Monday, January 21, 2013

Sisyphoi

Classical myth is remarkably continuous. Who doesn't know something or other about this myth or that? And it is so open-ended, to boot. The myth of Sisyphus is the perfect case in point. The myth awaits so readily the clever thought that will push it, re-define it, and allow it to return unrequited for another later attempt at comprehension.

M. Gerberg, New Yorker 20 Jul 1998 (click)
Homer allowed Odysseus to behold Sisyphus in the world of the dead. Masterfully, Homer describes the effort involved in the Sisyphean toil, and he nearly outdoes himself with that famous line that brings the enormous burden crashing repeatedly back to rest upon the plain: αὔτις ἔπειτα πέδονδε κυλίνδετο λᾶας ἀναιδής. (Od. 11.598) The rhythm and the crash of the line mimic the sound and speed of the roll, nothing but dactyls until the final spondee makes it rest.

Homer fails to explain why Sisyphus suffers this punishment. Indeed, we assume, with Odysseus, that the Sisyphus' engagement with the burden is a punishment.

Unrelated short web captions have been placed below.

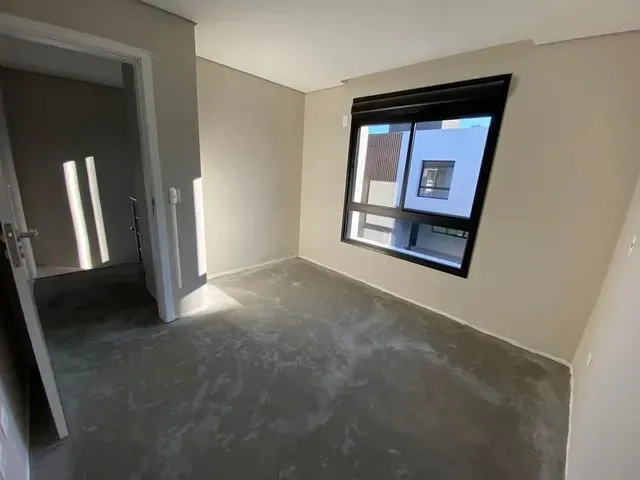 Imagem: A casa possui 3 Dormitórios, 2 Suítes, 3 Banheiros, 2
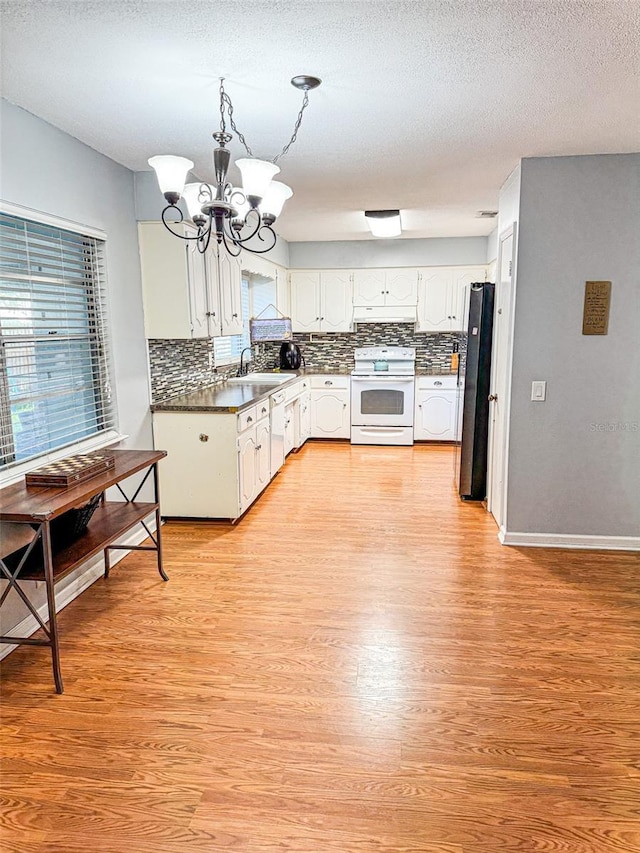 kitchen featuring a notable chandelier, light wood-style flooring, a sink, white appliances, and white cabinets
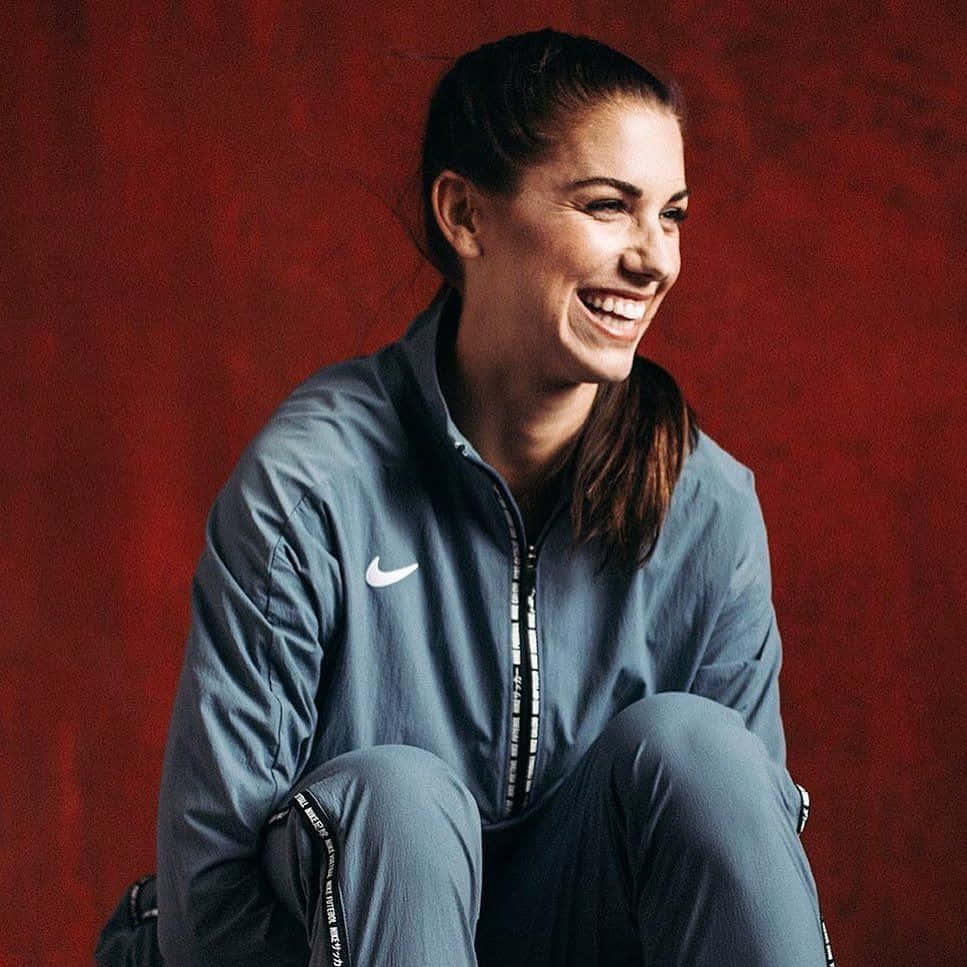 Alex Morgan 桌布 壁紙 — 一位微笑的女性穿著藍色Nike運動服，蹲在質感紅牆前，散發著歡樂的能量。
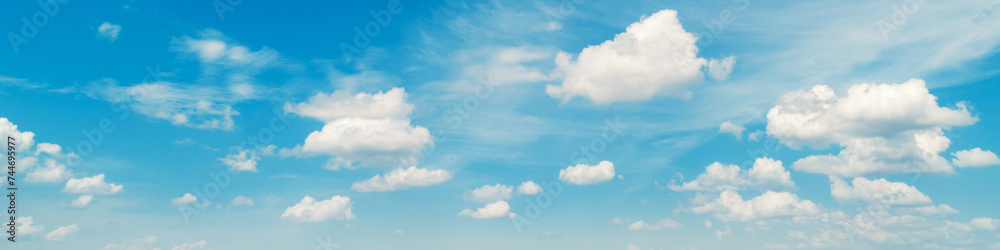 Blue sky with clouds. Cloudy sky background. Horizontal banner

The context certainly suggests that Sisphyus is being punished: the great disgracers are nearby — Orion, Tityus, Tantalus — all under the watchful judgment of Minos. And there will never be any rest for these wicked. But Homer only says that Sisphyus works his boulder.

Apollodorus stated why: "He is punished for this reason: When Zeus secretly carried of Aegina, the daughter of Asopus, Sisyphus is said to have revealed this to Asopus, who was looking for her." (Bibl. 1.9.3, trans. Simpson) The tragedians thought otherwise, for each of them made Sisyphus clever trickster who chose to outwit Death, keeping mankind from dying until Ares could liberate Death: the result was endless torment for the immortal trickster. (vid. Pherecydes FrGH 3 F119)

Since artists and writers have been contemplating Sisyphus' punishment — both the whys and the thats — for centuries since Homer, it is fitting that Nina Kossman has gathered six poems in her collection Gods and Mortals: modern poems on classical myths (New York and London: Oxford University Press, 2001), 165 - 67. Kossman's little anthology may be seen as an augment to Jane Davidson Reid's listing in The Oxford Guide to Classical Mythology in the Arts: 1300-1990's (New York: Oxford University Press, 1994), 1008 - 1009, in which Reid indexes 5 paintings, 17 poems, 3 choreographic pieces, 6 dramas, 3 sculptures, 1 monumental essay (by Camus), and a "satirical lithograph". It goes without saying that Reid's index records only a small fraction of all artistic work on Sisyphus since Titian. (Reid should not have been able to overlook the dozen or so classic New Yorker cartoons on the Sisyphus theme, of which Mark Gerberg is only a representative above.)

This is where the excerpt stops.